More than 100 hostages, mostly women and children, were released during the negotiated week-long ceasefire in November in exchange for three times as many Palestinian security prisoners held in Israeli jails. There remain 136 hostages in Gaza captivity, of whom about 100 are believed still alive. Negotiations via international mediators to agree on a second, longer lull that would also free captives in exchange for Palestinian security prisoners have stalled. Israeli and US officials are said to blame Hamas for the hold-up by not agreeing to terms that Israel has accepted, while Hamas has insisted on a permanent ceasefire.

Gilad Korngold, whose son Tal Shoham was taken hostage from his home on Kibbutz Beeri, urged the crowd to pressure elected officials to take action to release the captives.

“We need all of you because the only power who can move something in the Middle East is the US,” Korngold said, adding that the United States should increase its pressure on Qatar, Egypt, and Israel to reach a hostage deal. “Please do everything you can do.”

Other speakers included Mark Treyger, the new head of the Jewish Community Relations Council of New York; Eric Dinowitz, the leader of the city council’s Jewish Caucus; and Rabbi Angela Buchdahl of Manhattan’s Reform Central Synagogue.

Attendees said they were grappling with the duration of the crisis. Yet they also expressed delight at the unity in the crowd and said they remained hopeful that the hostages would be freed.

“It’s shocking that this is still going on. I can’t reconcile it,” said Bronx resident Tamar Bar-David. She said she had recently returned from Israel, where she visited sites of Hamas atrocities, and was attending her first demonstration.

“I think people are a little dull with the pain, exhausted, but we all want to stay hopeful because the alternative is just too painful, to live in a world where these kinds of things happen,” she said.

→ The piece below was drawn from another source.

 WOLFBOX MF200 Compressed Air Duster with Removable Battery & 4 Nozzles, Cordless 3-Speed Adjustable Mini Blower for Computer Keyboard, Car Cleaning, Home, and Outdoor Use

Demonstrators urge the release of hostages held by Palestinian terror group Hamas in Gaza, during a rally in Central Park, New York, March 10, 2024. (Luke Tress via JTA)

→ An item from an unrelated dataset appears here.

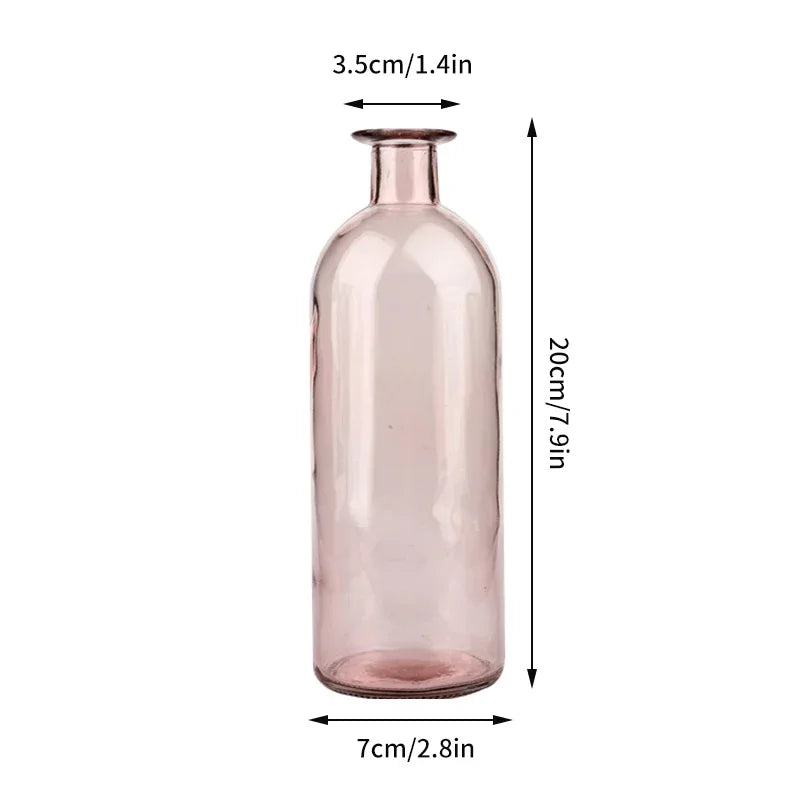 vase verre transparent moderne rose décoration intérieur hydroponique fleuri table studio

Hannah Simpson, from Harlem, said, “I think we’re all scared and afraid to say that we’re losing hope, that we don’t know how these individuals who are still held captive are being treated.”

“But we’re not giving up, we’re standing resolute, reminding the world,” said Simpson, a writer, and activist on transgender issues who is Jewish and has demonstrated on behalf of the Israeli victims of Hamas’s attack since shortly after October 7.

Adam Marks, an Australian visiting New York, said he appreciated how open the New York crowd was about its support for Israel and the hostages. “How the world isn’t screaming for their release like we are today, it’s absolutely ridiculous,” he said.

After the speeches, the crowd marched through Central Park in a long, winding line of blue-and-white Israeli flags. A group of marchers led by a guitarist sang “One Day” by Jewish musician Matisyahu, who had a third concert canceled in response to the threat of pro-Palestinian protests just two days prior.

At the head of the procession, Munder and the hostage families carried a banner saying “Bring Them Home” and sang a traditional song based on words attributed to the founder of the Breslover Hasidic movement, Rabbi Nachman.

“The whole entire world is a narrow bridge,” they sang in Hebrew. “The essential thing is to not be afraid at all.”